Along with The Hotel Wentley Poems, Wieners's finest collection remains Ace of Pentacles. There are some excellent poems in Nerves, a few otherwise uncollected ones in Selected Poems, and fewer still in Behind the State Capitol, a collection of "cinema decoupages; verses, abbreviated prose insights" that takes its title from the poet's residence below Beacon Hill in Boston, behind the state capitol building. Wieners has not been his own best representative, as Selected Poems too often attests. Not only did he leave out some of his finest poems—"Long Nook," "A Poem for Trapped Things," "Moon Poems," "Not Complete Enough," "My Mother," "The Meadow Where All Things Grow," "Hart Crane, Harry Crosby," "Billie"—but many of those included have been revised, and not always with success.

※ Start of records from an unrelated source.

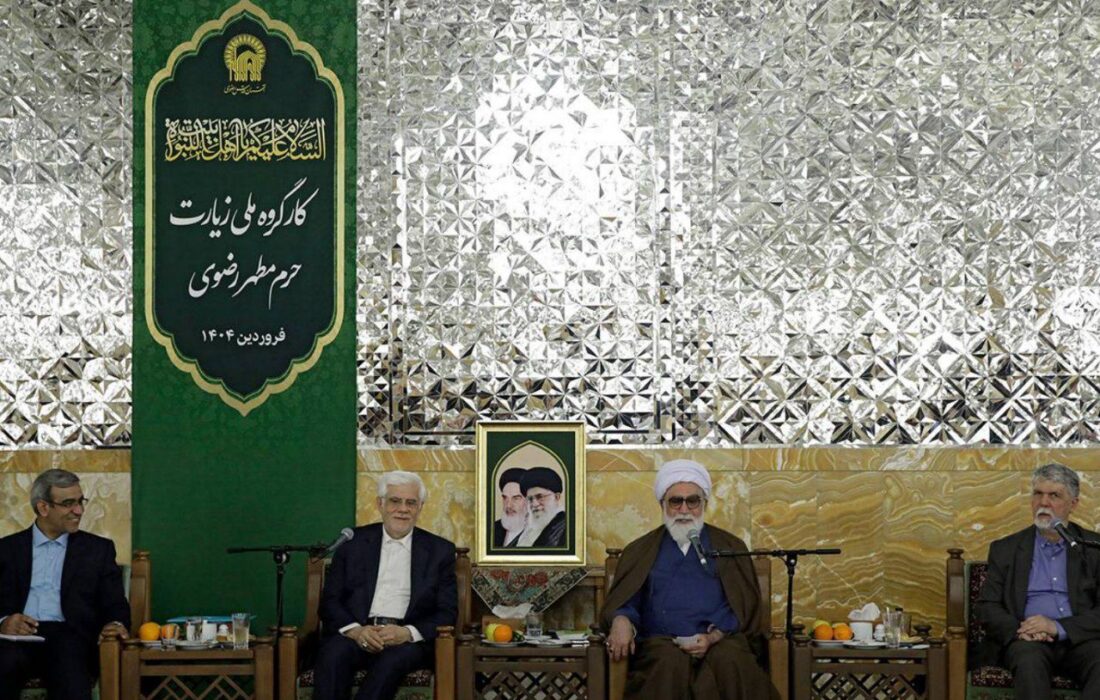 تاکید تولیت آستان قدس رضوی بر تقویت زیرساختهای زیارتی کشور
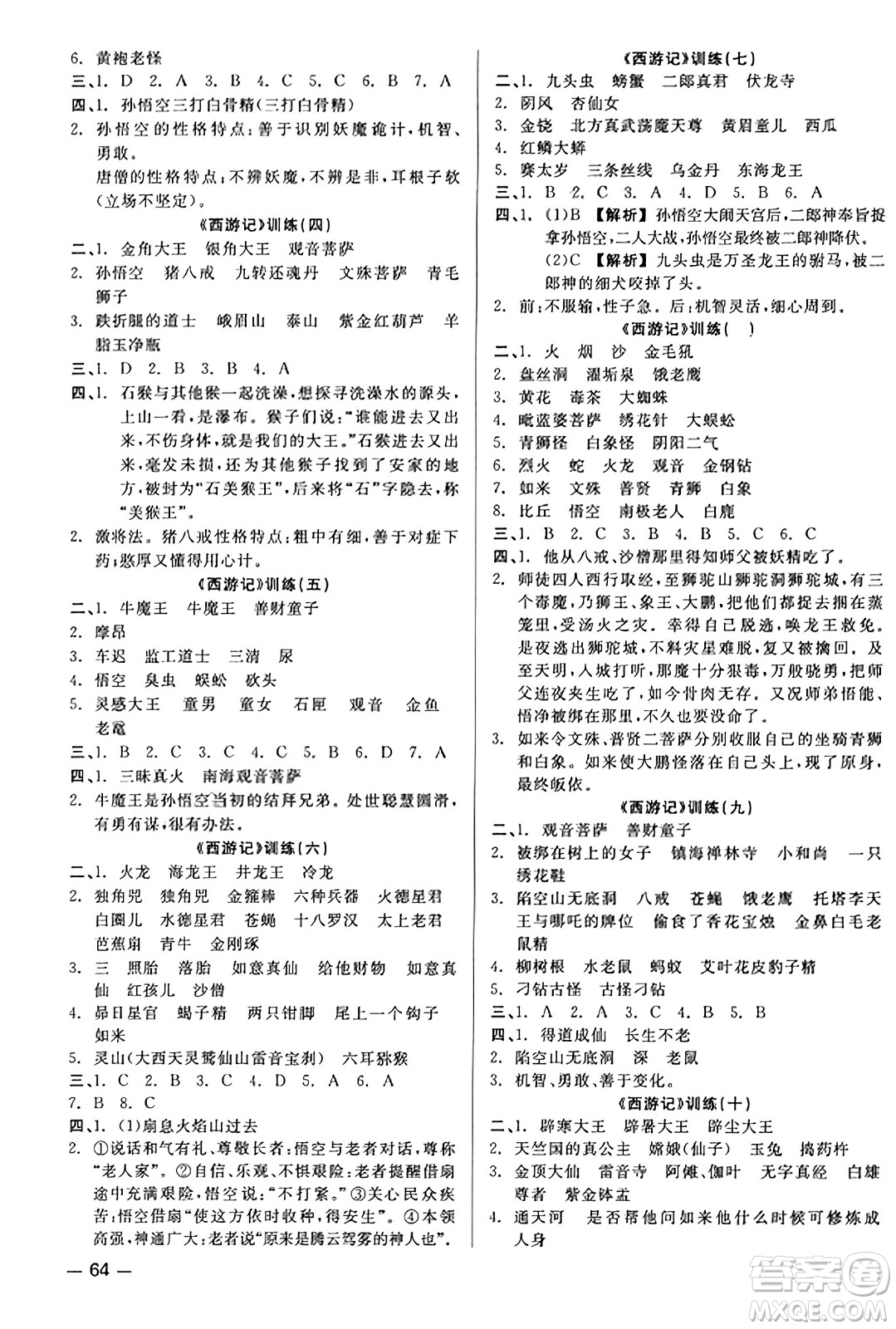 浙江工商大學(xué)出版社2023年秋精彩練習(xí)就練這一本七年級(jí)語文上冊(cè)通用版答案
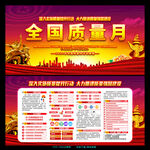 2021年质量月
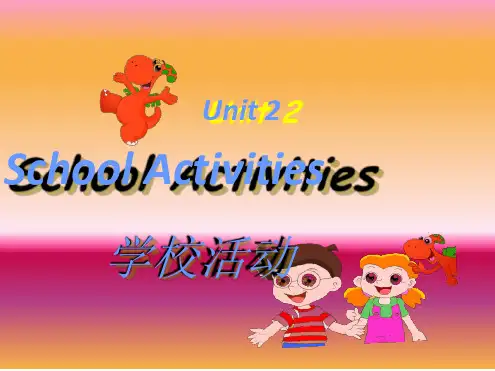 四年级上册英语课件 Unit 2School Activities8 广东开心英语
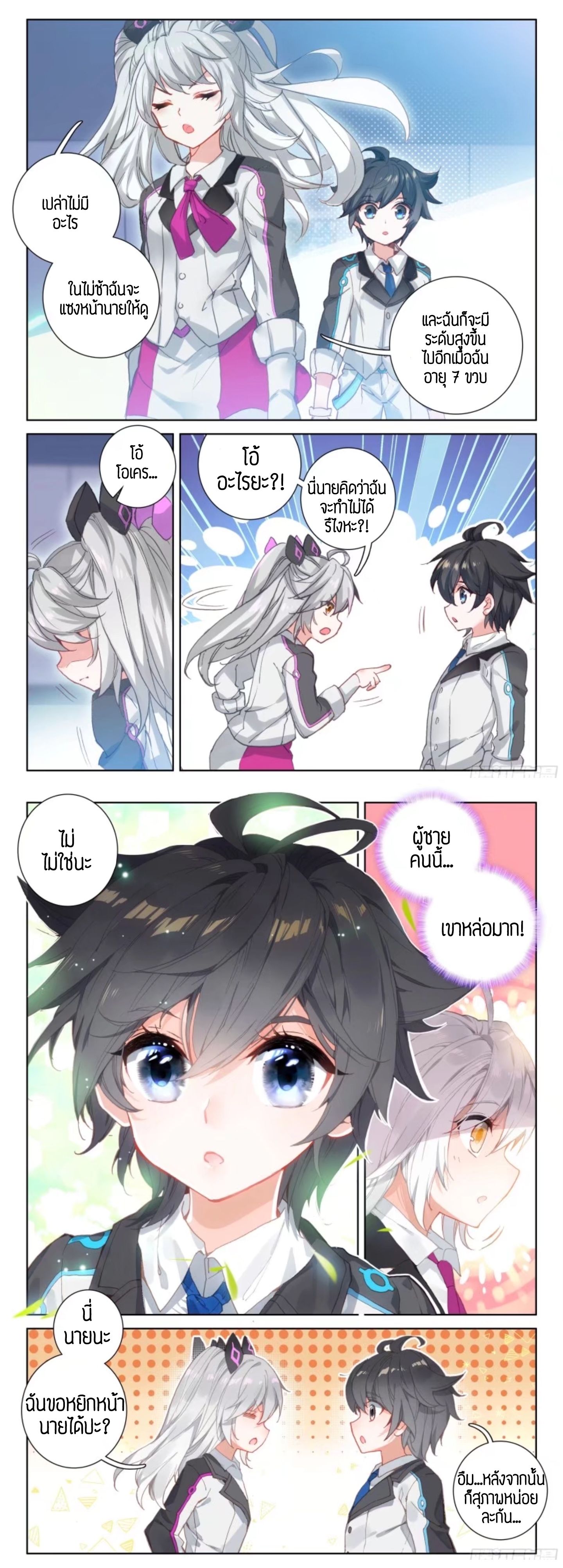 Douluo Dalu IV page 6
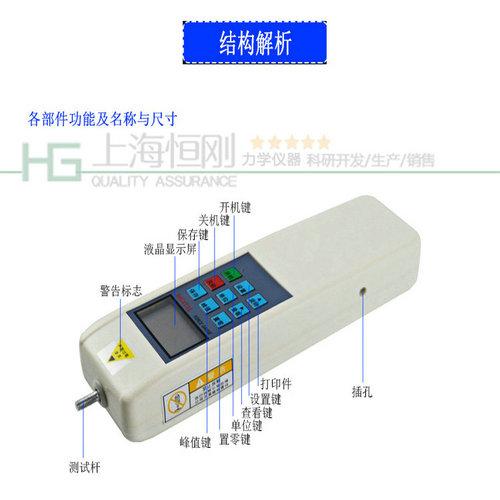 數顯推拉力計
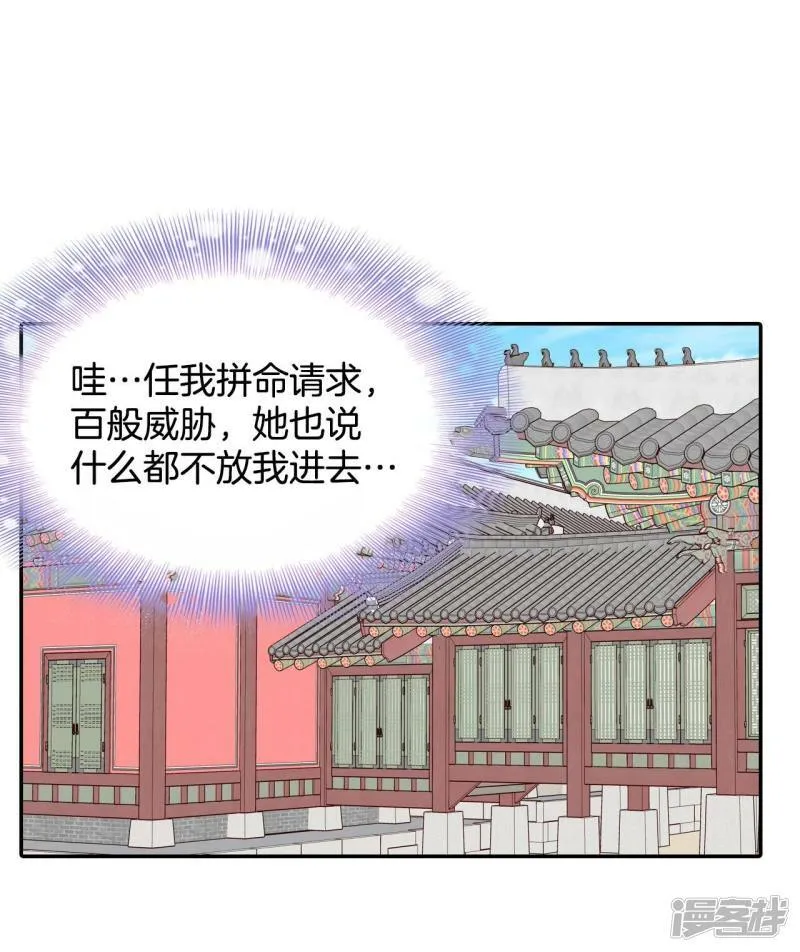 第254话 转移（1） 第2页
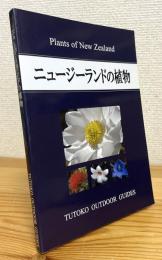 ニュージーランドの植物 : Plants of New Zealand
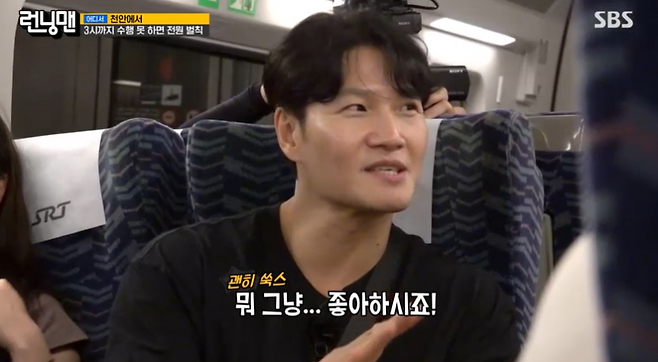 사진=SBS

Whether through loss of confidence or false notions of improvement, in almost every case the alterations are for the poorer. The changes usually result from a misguided effort to attain a more "poetic" effect, most often through the elimination of articles and copulas or from the compression of openly whispered lines into more regular stanzas, but the effect is to eliminate the spoken directness and accuracy of the original. For example, the poet adds the title "153 Avenue C" (on New York's Lower East Side, where the poem was written) to previously untitled lines but takes away their perfectly understated horror by removing the copulas of natural speech. Other changes are simply strange if not inept, and they are endemic throughout the volume. In Behind the State Capitol, produced from copy apparently prepared by the poet himself, typing eccentricities have been allowed to stand, contributing nothing but confusion. The poet has forsaken his own genius and the stark simplicity of the original statements, so forthright they cannot be doubted or denied. He has lost the touch that enabled him to revise so successfully "A Poem for Painters" (if one compares the original version with that in the 1958 Hotel Wentley Poems), which contains his most famous lines and the summarization of his consistent theme:

My poems contain no
wilde beestes, no
lady of the lake, music
of the spheres, or organ chants.
 
Only the score of a man's
struggle to stay with
what is his own, what
lies within him to do.

Wieners has continued to be loyal to his "voices," those to whom Ace of Pentacles was dedicated, only now, with youth gone, there are more of them crowding about, incessant, obscuring the flame. The clear, elegant voice and the lyric perfection of the early poems have been lost to the multiple personalities, and the consequence is warring diction, abuse of rhyme, and linguistic excess. The dérèglement Rimbaud prepared us for has occurred.